NEW YORK - On Wednesday, New York Governor Kathy Hochul announced that the MTA and accessibility advocates had reached a settlement agreement that means that the MTA is vowing that it will make subways 95% accessible to people with disabilities by 2055.
"No New Yorker should have to worry about whether or not they can safely access public transportation," Governor Hochul said in a statement. "This agreement between the MTA and accessibility advocates is a critical step towards further expanding accessibility in our subways and serving the needs of New Yorkers with disabilities. My administration will continue to ensure that New York State is accessible for all."

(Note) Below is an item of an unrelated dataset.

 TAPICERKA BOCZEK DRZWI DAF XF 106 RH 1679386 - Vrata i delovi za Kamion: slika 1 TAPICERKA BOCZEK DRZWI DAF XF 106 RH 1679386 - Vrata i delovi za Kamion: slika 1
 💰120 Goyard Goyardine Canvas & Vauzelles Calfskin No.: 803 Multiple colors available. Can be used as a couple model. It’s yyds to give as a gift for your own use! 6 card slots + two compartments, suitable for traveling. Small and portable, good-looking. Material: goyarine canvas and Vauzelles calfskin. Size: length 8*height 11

Currently, only 131 of the stations operated by the MTA are fully accessible to customers, via elevators and ramps, out of a total of 493.

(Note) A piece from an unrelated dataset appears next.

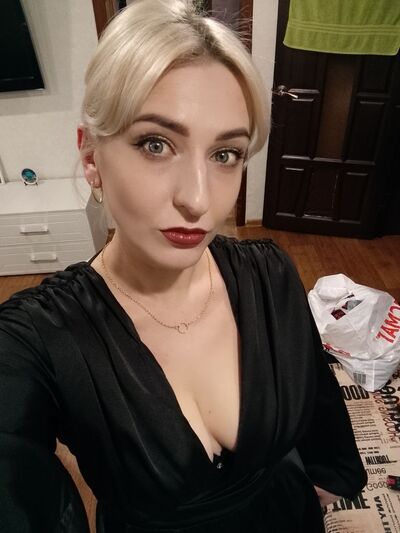  ,   Natali, 37 ,   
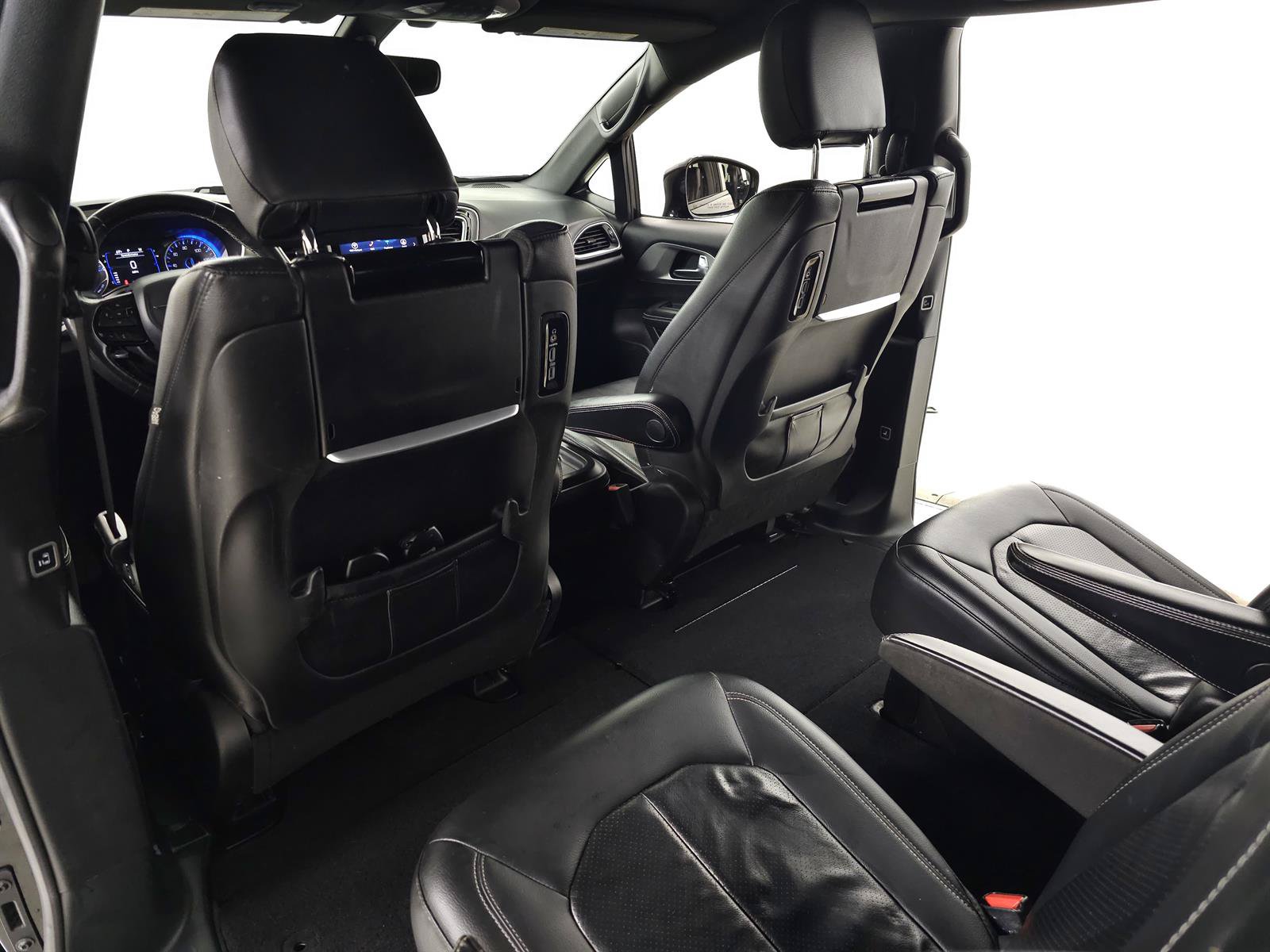 Used 2020 Chrysler Pacifica Touring-L w/ Premium Audio Group AWD/4WD image 27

The MTA has completed accessibility projects at 15 subway stations across the city since 2020, has awarded contracts for another 22 stations, and has another 13 station projects procurement.
The deal will aim to make 81 stations accessible by 2025, with another 85 made accessible by 2035, and to change another 90 by 2055.
Wednesday's deal was the result of a pair of class-action lawsuits brought by disability and accessibility advocates and is subject to court approval.
"Today is a historic day for individuals with disabilities. Future generations will now be able to say that we have a fully accessible subway system. We will all be able to go anywhere in the five boroughs allowing us to participate in all New York City has to offer," said Brett Eisenberg, Executive Director of Bronx Independent Living Services.